Pentagon Says More F-35 Fuel Tubes May Need to Be Replaced
(Bloomberg) -- Two more fuel tubes in F-35 jets may need to be replaced, according to the Pentagon, potentially adding to costs and disruption after a temporary grounding of the fleet.
It expands the suspect parts beyond an initial fuel supply line that may have contributed to the Sept. 28 crash of a Marine Corps F-35 and forced a brief grounding this month of the growing fleet. The fuel lines are part of the plane’s propulsion system provided by United Technologies Corp.’s Pratt & Whitney unit.
“In addition to the previously identified failed tube, analysis has identified two additional fuel supply tubes that require inspection,” Joe DellaVedova, spokesman for the Defense Department’s F-35 program office, said in a statement. He declined to say how many planes will need to be inspected.
The tubes provide fuel to the combustor and operating pressure to the engine for the fighter that’s built by Lockheed Martin Corp.
While the two additional fuel tubes haven’t failed, “engineering data collected during the ongoing investigation established the requirement for a time-phased inspection based on engine flight hours,” DellaVedova said. “Older engines may require fuel tube replacement. The procedure to inspect and replace can be done by flight-line maintenance without removing the engine.”

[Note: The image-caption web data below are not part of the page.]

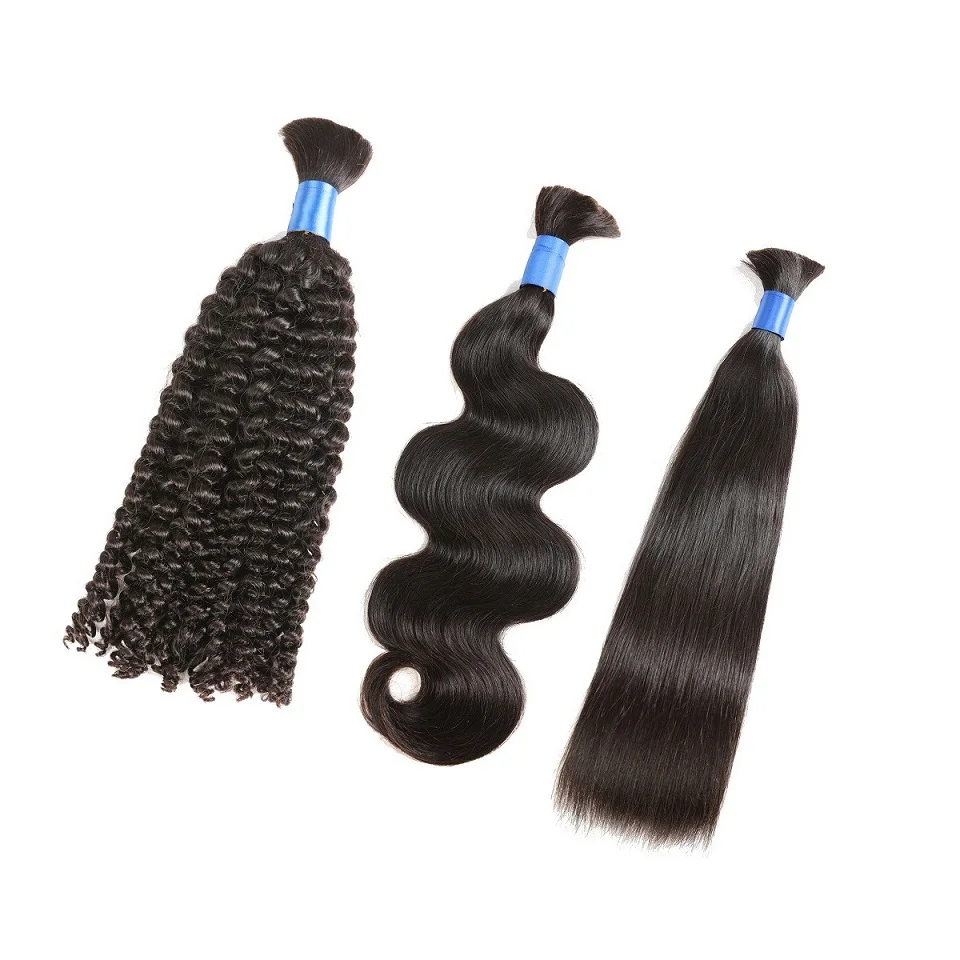 

Buy Remy Human Natural Virgin Unprocessed Indian European Vietnam Jamaican Afro Kinky Curly Remy Bulk Hair For Wig Making, Natural color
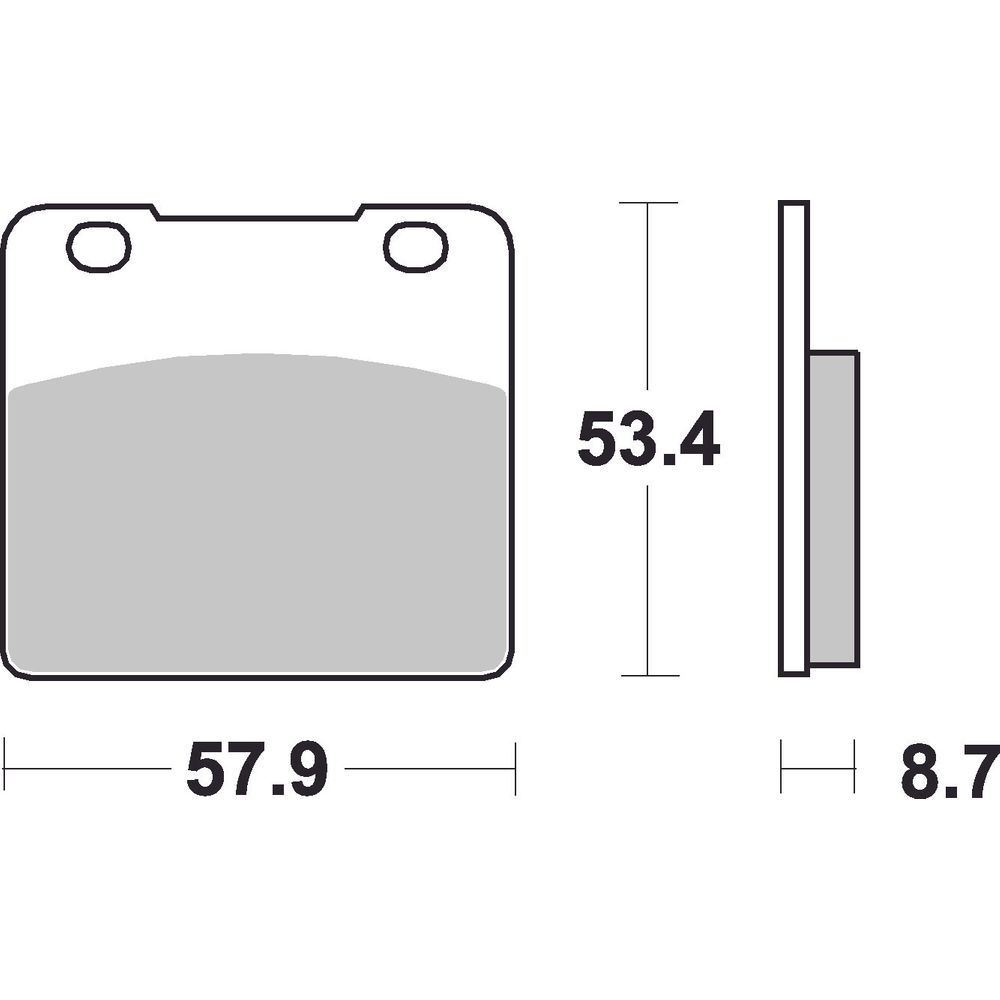 Street Brake Pads | Organic Standard | Front - Ecer90
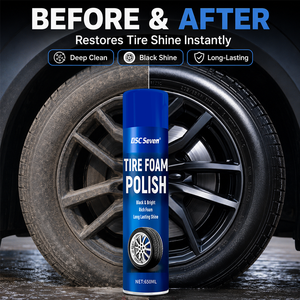 Spray mousse nettoyant pour pneus anti-UV, élimine la poussière de frein et les films routiers - Product Image 6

F-35 operations continue on all aircraft with engines that haven’t reached the inspection requirements, according to DellaVedova. Earlier this month, the F-35 program office had said the initial failed part represented “an isolated incident which is quickly being addressed and fixed.”

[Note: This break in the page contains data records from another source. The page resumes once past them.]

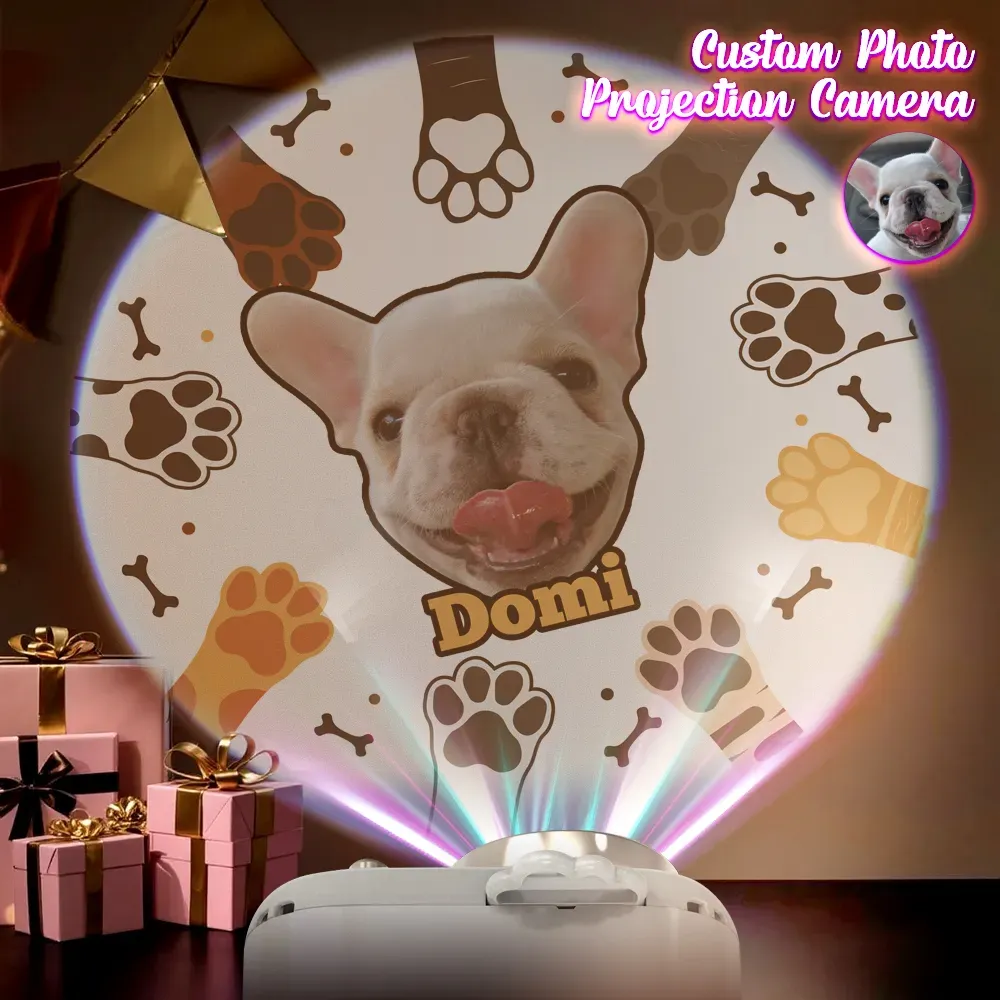 Personalized Projection Camera | Custom Photo & Theme Slide Projector Birthday Gift for Lover Kids - MyMoonLampAu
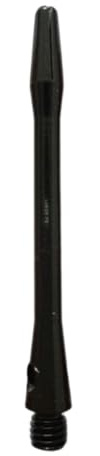WOVEBIUS Asta per freccette professionale standard robusta in lega di alluminio a prova di caduta Alberi per freccette Harrow steli accessori hardware 53 mm nero
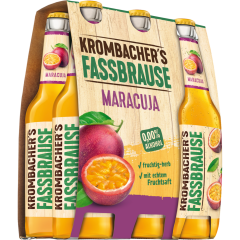 Krombacher Fassbrause Maracuja - 6-Pack 6 x 0,33 l 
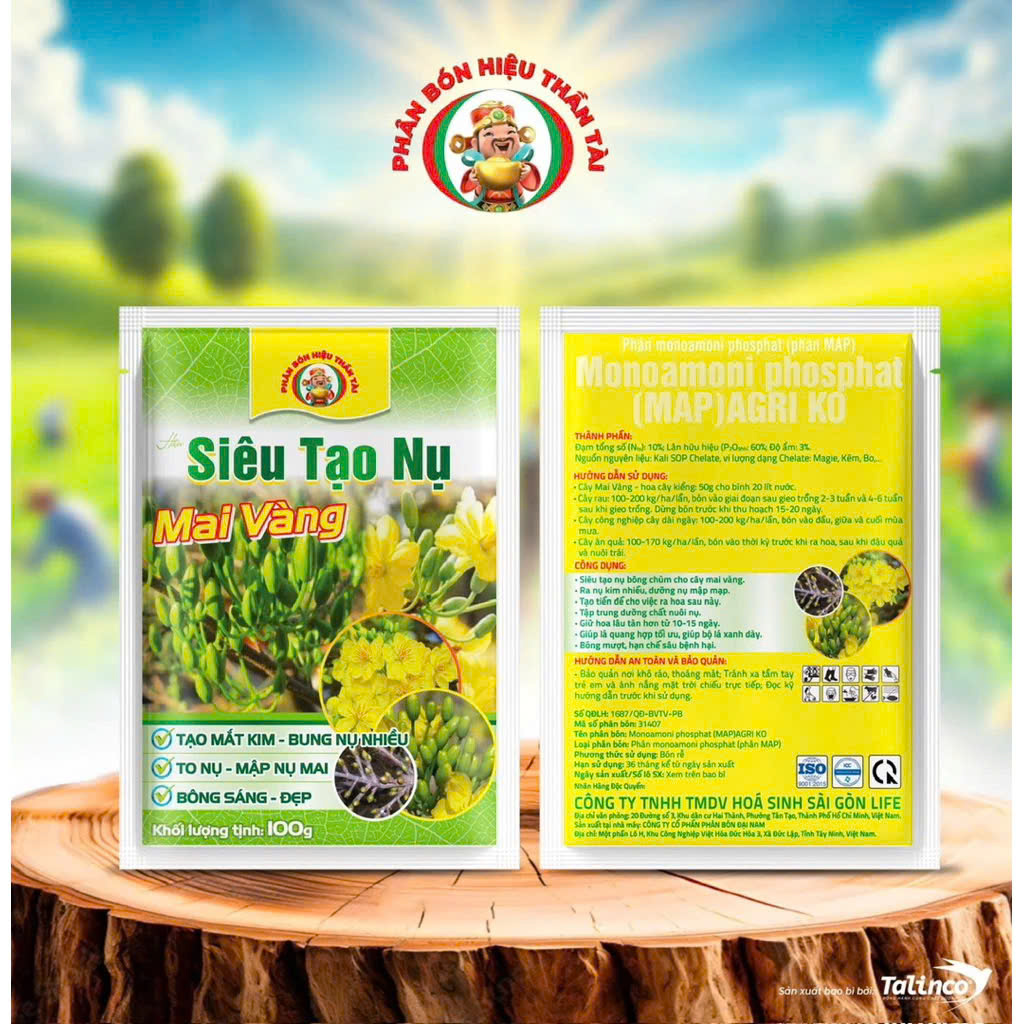 Siêu tạo nụ mai vàng (100g) Tạo mắt kim, bung nụ nhiều, to nụ mập nụ mai, bông sáng vàng đẹp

About 320 of more than 3,000 planned F-35s for the Air Force, Navy, Marines and U.S. allies have been delivered so far.
The need to inspect more fuel lines raises questions not only about the durability of the parts supplied but also about the maintenance burden on military personnel. The F-35’s long-term support challenges are now the primary focus of senior defense officials who are concerned about independent Pentagon estimates that program support will cost about $1.1 trillion through 2077.
Next month, the F-35 is scheduled to begin congressionally mandated combat testing to assess its effectiveness against threats and its ease of maintenance.

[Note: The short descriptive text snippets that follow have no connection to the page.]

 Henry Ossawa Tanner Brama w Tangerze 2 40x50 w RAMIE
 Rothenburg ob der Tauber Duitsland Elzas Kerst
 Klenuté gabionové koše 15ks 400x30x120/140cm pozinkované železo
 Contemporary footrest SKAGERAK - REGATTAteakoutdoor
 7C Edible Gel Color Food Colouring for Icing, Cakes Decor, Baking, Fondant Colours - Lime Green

Pratt & Whitney is “fully responsible” for the propulsion system and “has the lead in working the analysis,” DellaVedova said. Calculating the cost of the grounding, inspections and replacement of fuel tubes “will be addressed at a later time following completion of the investigation and upon completion of any required maintenance,” he said.
Pratt spokesman John Thomas said in an email that the company had no comment beyond the Pentagon statement.